Tuesday, May 09, 2006

Trump Parc update and Blakeman answer to reader's question

Pale Male Junior soaring over Central Park South - 5/6/06
Photo by Lincoln Karim

This dispatch just in from our informant whose window looks directly down into Junior and Charlotte's nest

Just to bring you up to date, the female is still on the nest, and she is sitting on one egg.
Nothing new.

Next, a related question from website reader Paul Pollets :

Hi Marie,

I was wondering if there are ever cases when RT hawks will lay another set of eggs in the same season, if the first set doesn’t hatch?

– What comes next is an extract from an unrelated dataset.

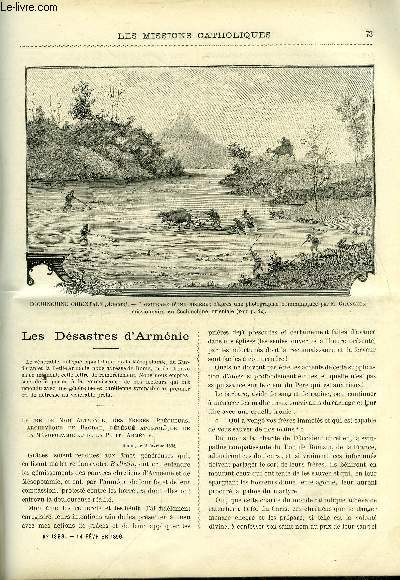 Les missions catholiques n 1393 - Les dsastres d'Armnie, Massacres d'armniens dans la province d'Alep, Dans les rivires de Monda par le R.P. Trilles, Un peuple mourant dans l'Annam par Damien Grangeon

As usual I forwarded it to John Blakeman in Ohio. Here is his response:



Paul,
Good question. I'm sure red-tails are able to do this. In captive breeding of almost all raptors, including the Buteos (which includes the red-tails), initial clutches of eggs can be removed just before hatching and if sufficient food is available, a new clutch is often laid. So yes, a second clutch can be laid.
But sadly, it probably won't be. I've never seen this in a wild nest, except for what happened last year with the Trump Parc pair, where apparently the nest fell apart and an egg or two rolled out and died. That was equivalent to deliberate egg removal, prompting the laying of a new clutch.
It appears that unhatched eggs are still present in both Central Park nests, so the females dutifully continue to incubate. As I noted before, the parents don't count days till hatching. Only humans do that. Hawks can't count days. They only discern increasing day lengths, which prompts them to sit on eggs. They merely wait until the eggs hatch, and if they don't, they continue to sit until the days aren't getting much longer. That changes their hormones and they finally give up on incubating. By then, usually sometime in May at the New York or Ohio latitude, they just give up on incubating and resume the normal life activities of hunting and killing food.
So the chances for a second clutch being laid at either Central Park nest is now highly remote. Unless the existing eggs would be removed, the parents will have no physiologic or behavioral prompts to begin everything all over again. It's getting very late in the season. Copulation is either rare or completely abandoned by now.
The only positive factor would be the great availability of food for the red-tails in Central Park. When food is limited, egg laying is reduced. Where prey is hard to find, red-tails often hatch or raise only a single eyass. With more food, two are typical. Three eggs or eyasses are produced only in territories that have abundant prey animals (along with experienced adults able to consistently kill the available prey -- as we've seen in Central Park).
Again, I've never seen a wild red-tail pair recycle and lay or rear a second clutch of eggs this late in the season. It's now too late in the season for this to happen with any certainty.